[Opening DATA TO EXAMINE section]
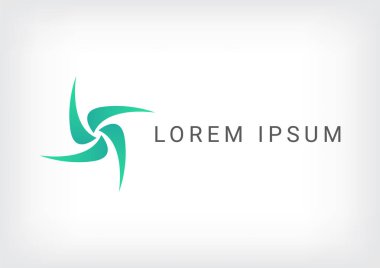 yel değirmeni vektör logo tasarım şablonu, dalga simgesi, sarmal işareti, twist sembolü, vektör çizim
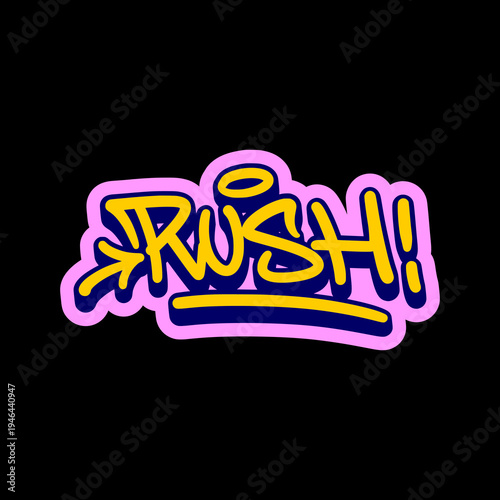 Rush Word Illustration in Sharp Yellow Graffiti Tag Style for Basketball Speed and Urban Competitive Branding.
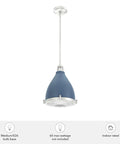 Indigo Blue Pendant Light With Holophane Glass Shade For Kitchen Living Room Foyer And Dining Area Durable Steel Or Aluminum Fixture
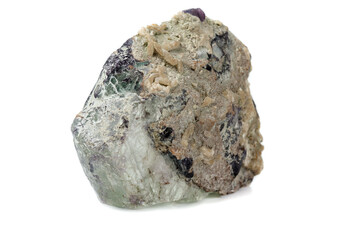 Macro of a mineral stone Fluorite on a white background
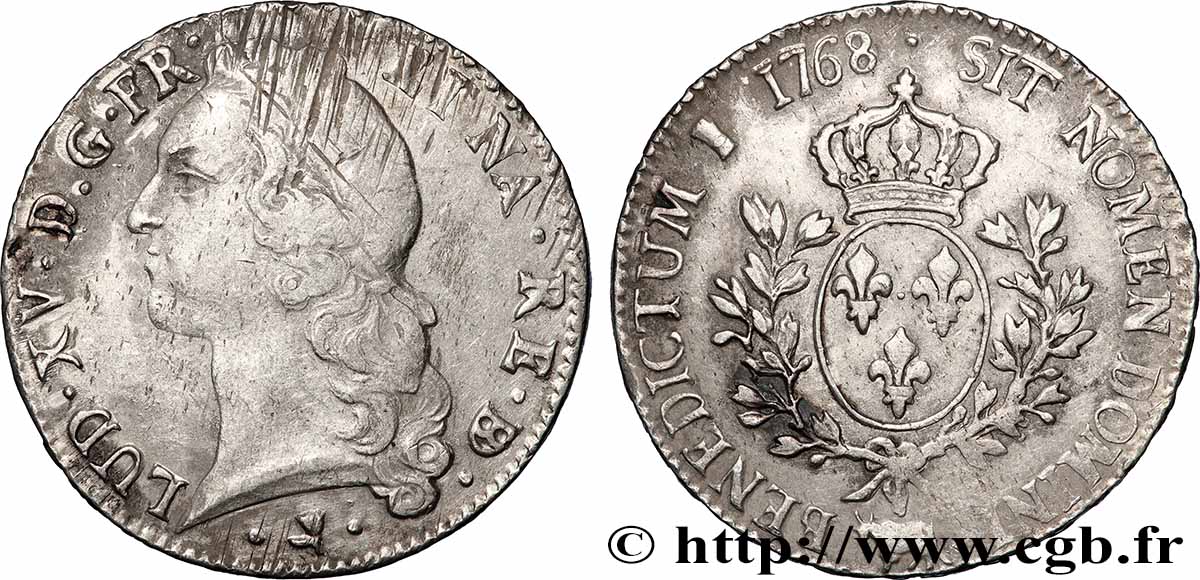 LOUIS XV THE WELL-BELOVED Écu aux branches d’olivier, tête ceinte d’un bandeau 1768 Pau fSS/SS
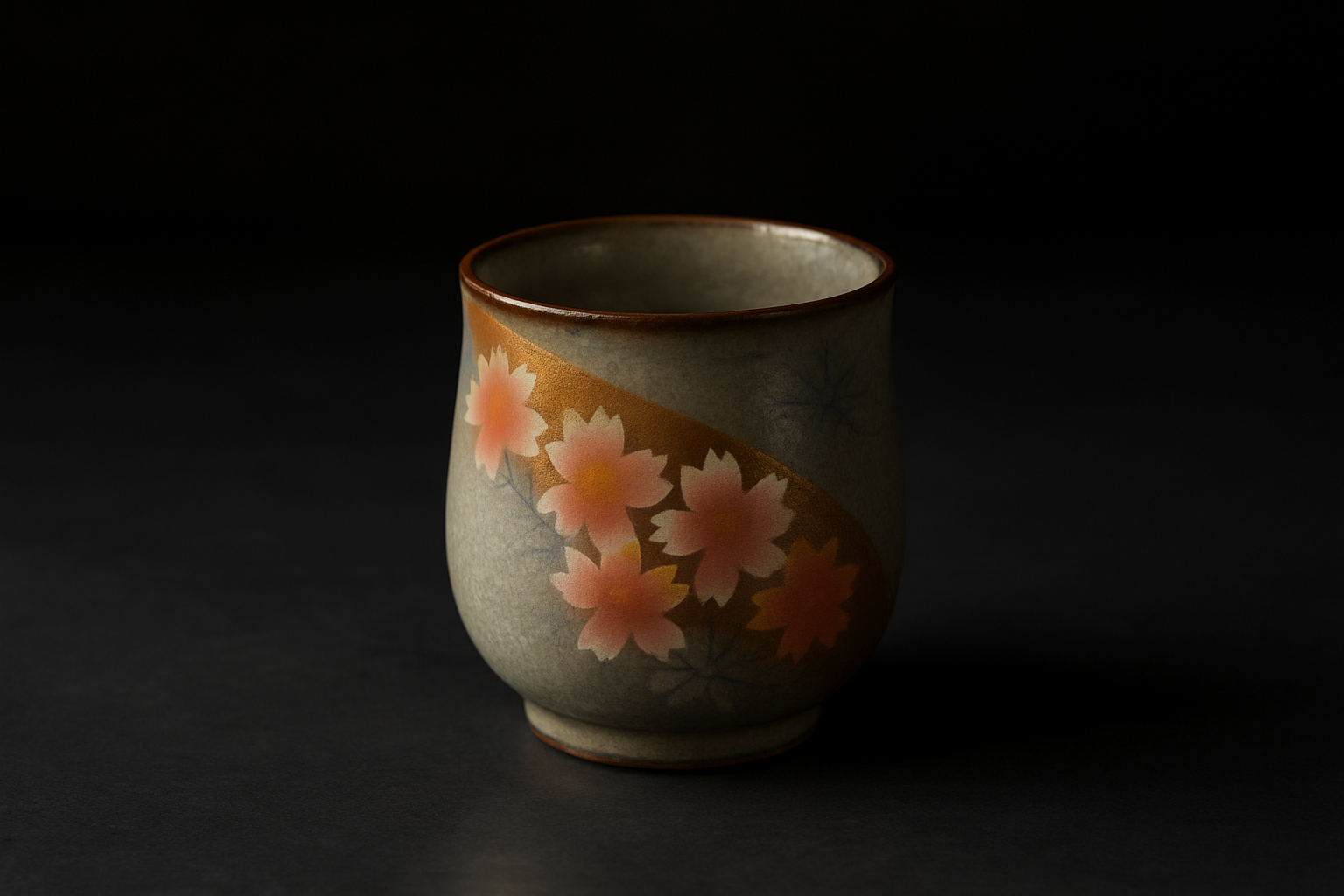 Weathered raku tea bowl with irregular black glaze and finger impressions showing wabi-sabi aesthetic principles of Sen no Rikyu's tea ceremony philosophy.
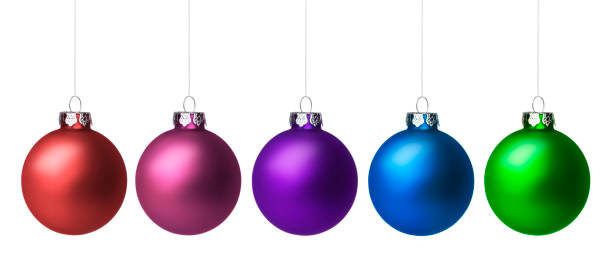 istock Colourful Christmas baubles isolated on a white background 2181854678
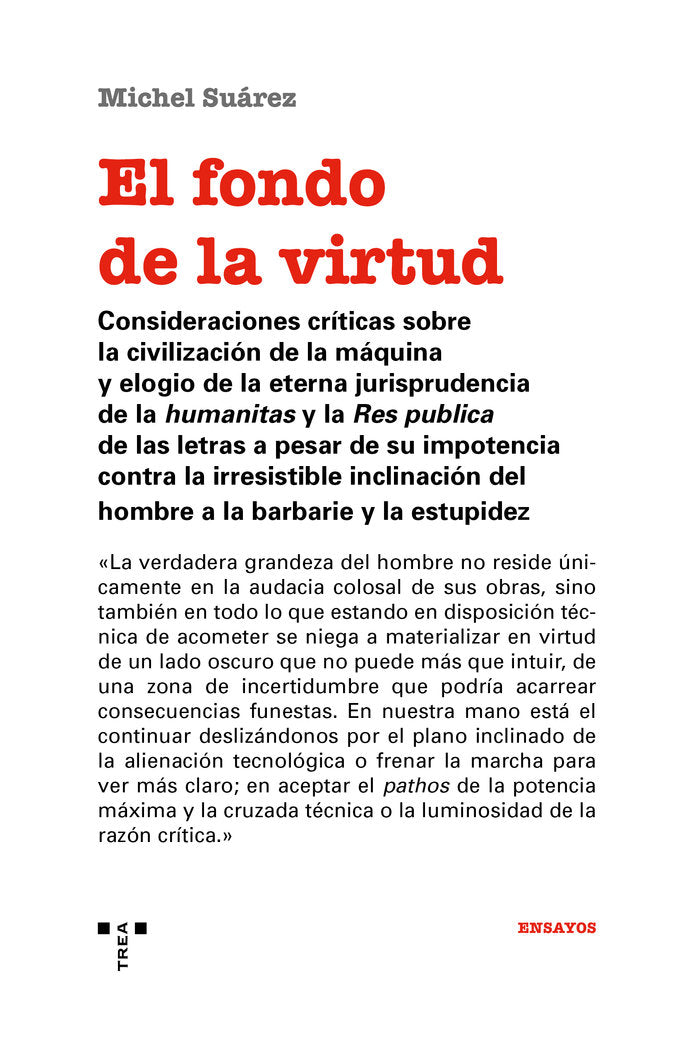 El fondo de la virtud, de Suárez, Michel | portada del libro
[Closing DATA TO EXAMINE section]
[Opening DATA TO EXAMINE section]
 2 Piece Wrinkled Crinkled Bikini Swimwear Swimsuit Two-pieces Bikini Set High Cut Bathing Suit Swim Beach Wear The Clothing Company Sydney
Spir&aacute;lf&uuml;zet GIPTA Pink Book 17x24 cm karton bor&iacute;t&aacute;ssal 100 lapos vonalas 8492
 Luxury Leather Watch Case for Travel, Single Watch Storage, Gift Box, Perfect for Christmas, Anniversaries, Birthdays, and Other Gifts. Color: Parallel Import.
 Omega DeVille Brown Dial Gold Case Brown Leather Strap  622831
[Closing DATA TO EXAMINE section]
[Opening DATA TO EXAMINE section]
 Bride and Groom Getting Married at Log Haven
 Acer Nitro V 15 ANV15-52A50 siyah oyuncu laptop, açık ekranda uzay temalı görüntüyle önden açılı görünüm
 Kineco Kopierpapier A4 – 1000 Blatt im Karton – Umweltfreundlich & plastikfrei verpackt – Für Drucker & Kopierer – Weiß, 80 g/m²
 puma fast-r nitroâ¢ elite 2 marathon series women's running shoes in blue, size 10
[Closing DATA TO EXAMINE section]
§ **AIM OF THE TASK**
Which of the lines in the material above contain "Case"? Copy each one out.

§ **ANSWER BOX**
 Luxury Leather Watch Case for Travel, Single Watch Storage, Gift Box, Perfect for Christmas, Anniversaries, Birthdays, and Other Gifts. Color: Parallel Import.
 Omega DeVille Brown Dial Gold Case Brown Leather Strap  622831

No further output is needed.